» **Work task**:
Set down the line containing "Woman washing hands" and each line after it through the last line of the records, exactly, leaving pictures out.

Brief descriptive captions
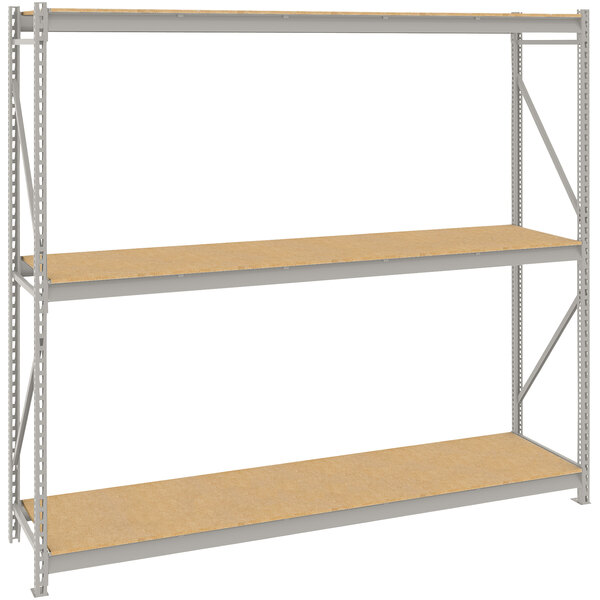 A Tennsco light gray metal bulk storage rack unit with particleboard shelves.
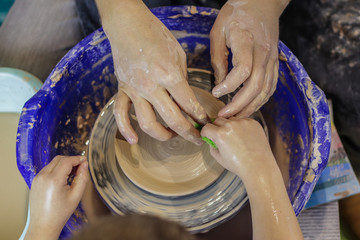 Child made plate on pottery wheel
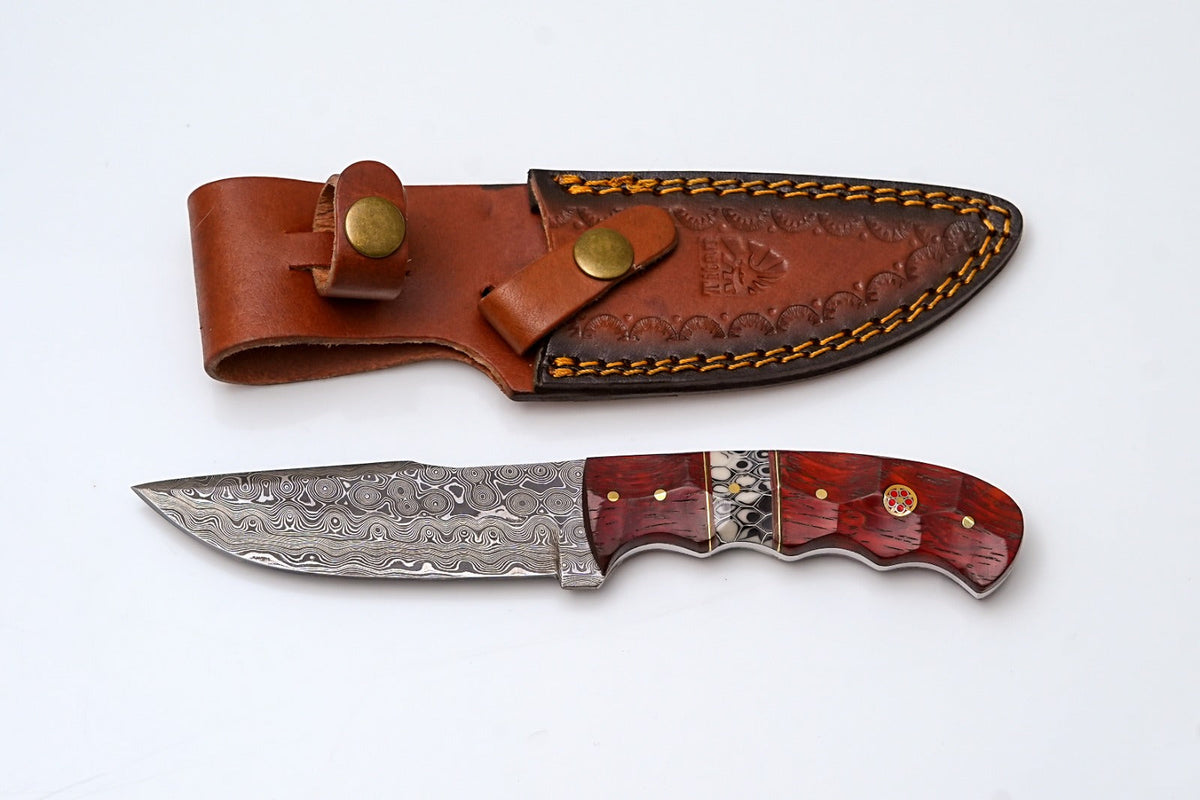 Crimson Mirage Titan Limited Series hunting knife with Damascus steel blade and exotic crimson wood handle, displayed with leather sheath
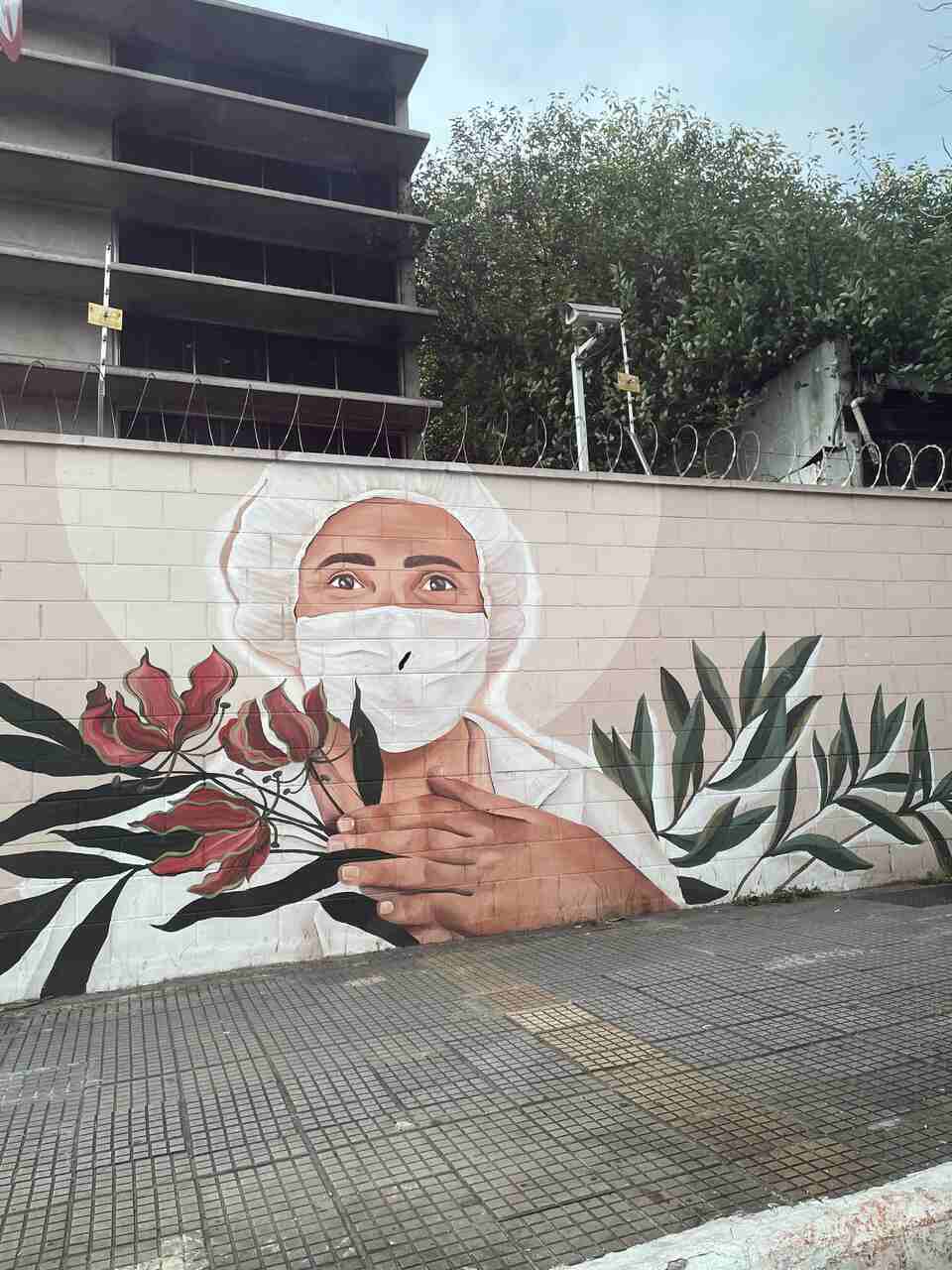 A brick wall with a mural depicting a person with a surgical cap and gown holding the stems of a plant, which has narrow leaves and red flowers.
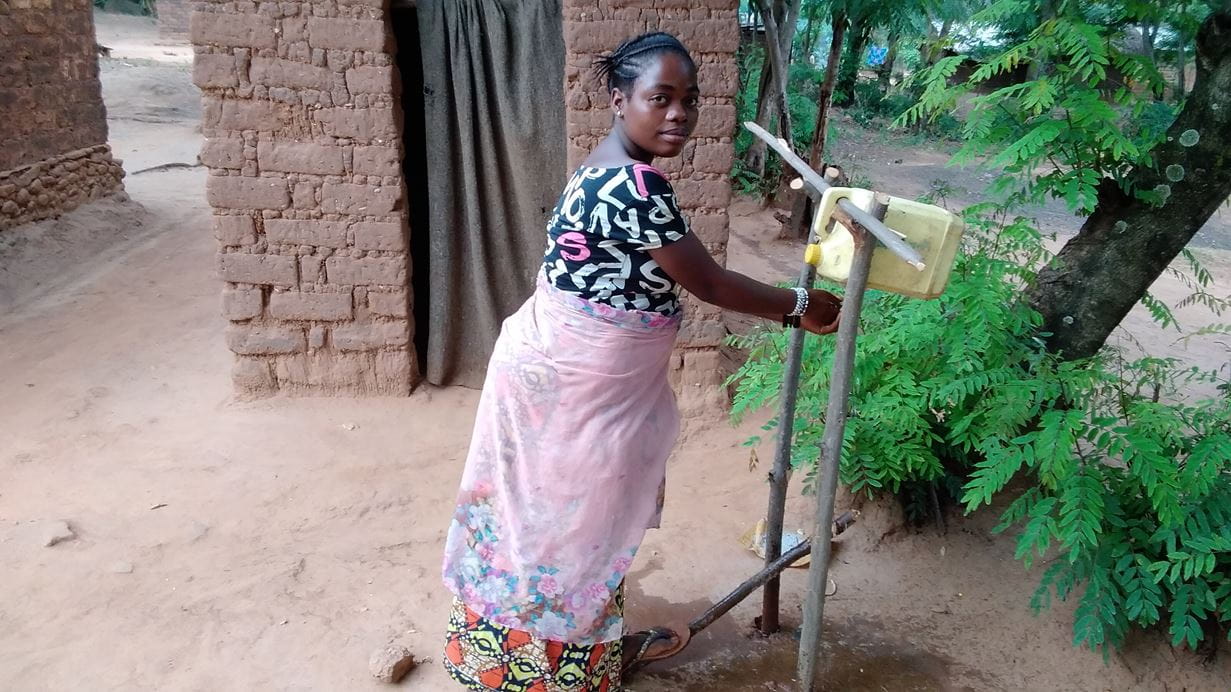 Woman washing hands at rural handwashing station near a mud brick building.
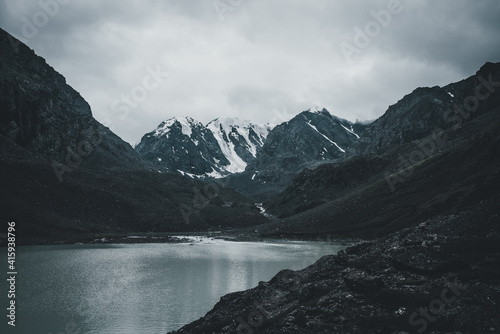 Dark atmospheric landscape with mountain lake among deep black rocks on background of snowy mountains under gray cloudy sky. Bleak view to mountain lake and glacier in deep black colors. Dark tones.
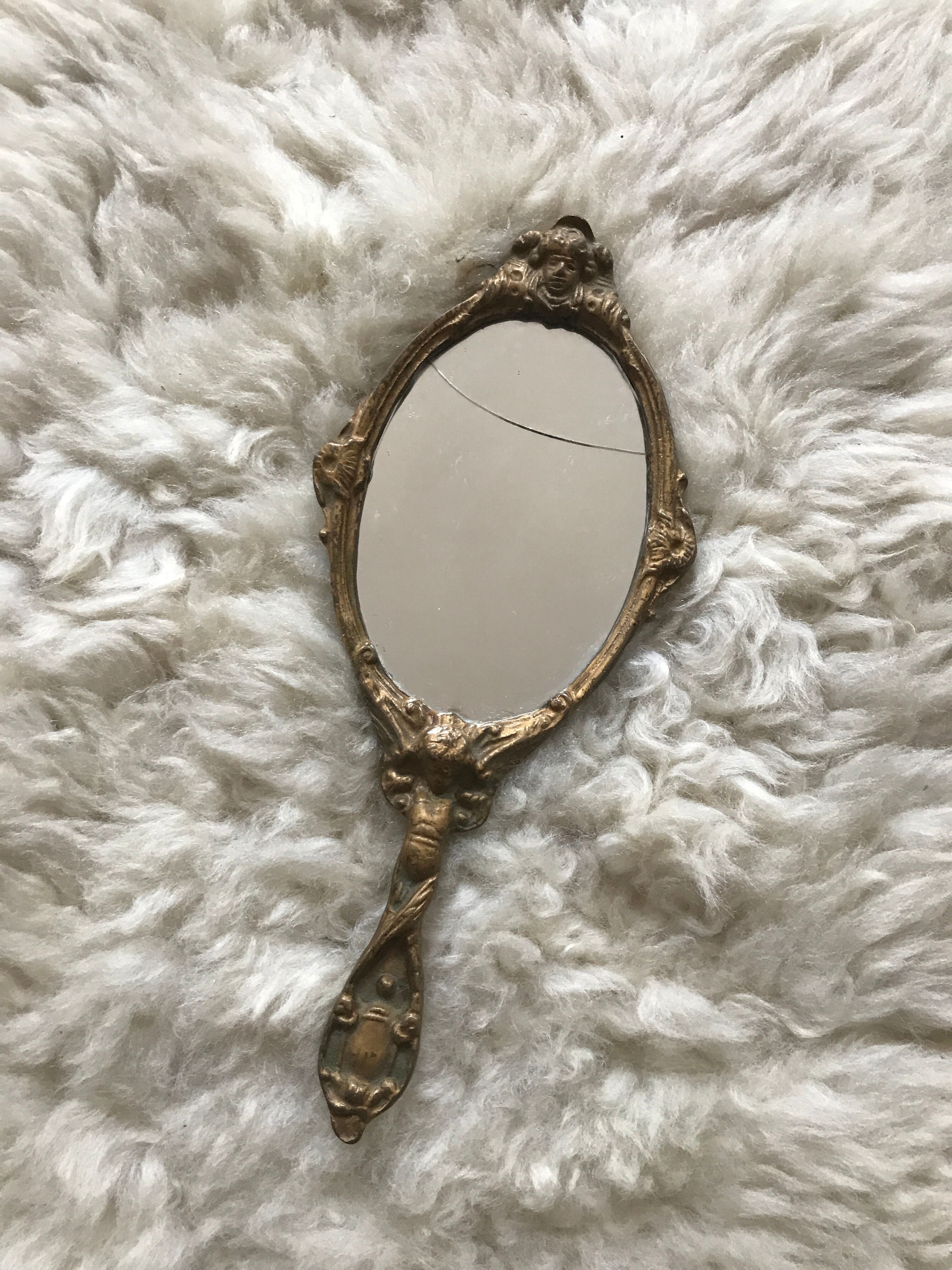 Face à main miroir ancien bronze 12x29cm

» **Task response**:
 Woman washing hands at rural handwashing station near a mud brick building.
 Dark atmospheric landscape with mountain lake among deep black rocks on background of snowy mountains under gray cloudy sky. Bleak view to mountain lake and glacier in deep black colors. Dark tones.
 Face à main miroir ancien bronze 12x29cm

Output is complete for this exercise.